Termination of Parental Rights
Whether you want to terminate someone’s parental rights or your own, it is important to retain an experienced attorney. Birth parents can file a claim to terminate their parental rights. The court must determine if granting a voluntary petition of parental rights is in the best interest of the child. If you would like to place your child for adoption and terminate your rights, consulting with an experienced family law attorney can guide you through the process and inform you of the resources available to you.
Tex. Fam. Code § 45.103(a) states that the court must order a change of name for any persons except a person with a final felony conviction or a person who is subjected to the sex offender registration requirements. Tex. Fam. Code § 45.101 establishes that an adult may file to request a name change in the county of the adult’s place of residence.
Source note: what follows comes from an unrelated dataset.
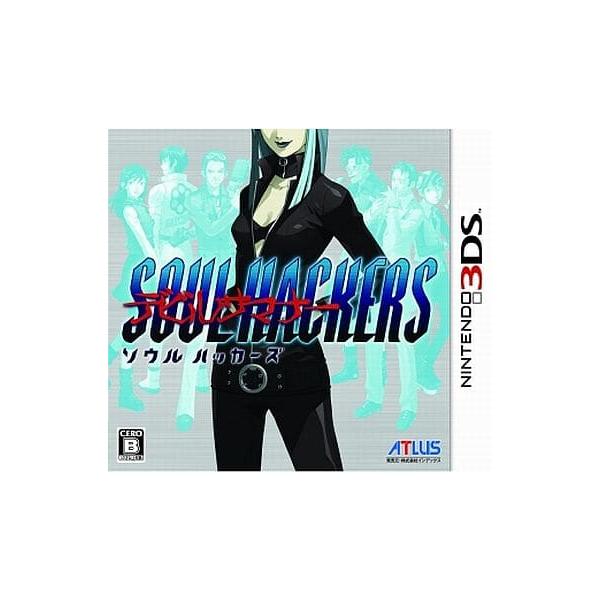 デビルサマナー ソウルハッカーズ/ニンテンドー3DS(3DS)/ソフトのみ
An annulment is different than a divorce, and when a person annuls his/her marriage, he/she can legally claim that he/she was never married. Tex. Fam. Code § 6.106 applies if either party was permanently impotent at the time of the marriage without the knowledge of the petitioner. Consulting with a legal professional can best advise you on your options and if you can qualify for an annulment based on your specific situation.
- Annulment for Under 18 – Tex. Fam. Code § 6.102 establishes the annulment of a marriage to a person who 16 years of age or older but under 18 years old. Also, the marriage happened without parental consent or a court order. Annulling a marriage on the grounds of a person being under 18 must be done quickly, therefore, it is important to seek legal help.
Division of Property
Under Tex. Fam. Code § 7.001 in the case of a divorce or annulment the court orders the division of property in a “manner that the court deems just and right,” keeping in mind the rights of everyone involve and any children that were a result of the marriage. During a divorce, there might be years of marital assets.
- Separate Property – Tex. Fam. Code § 3.001 establishes what a separate property consists of. It is important to have an experienced lawyer represent you because, during a marriage, separate and community properties co-mingle. Therefore, during a dissolution of marriage, you must prove that the property is solely yours and should not be divided.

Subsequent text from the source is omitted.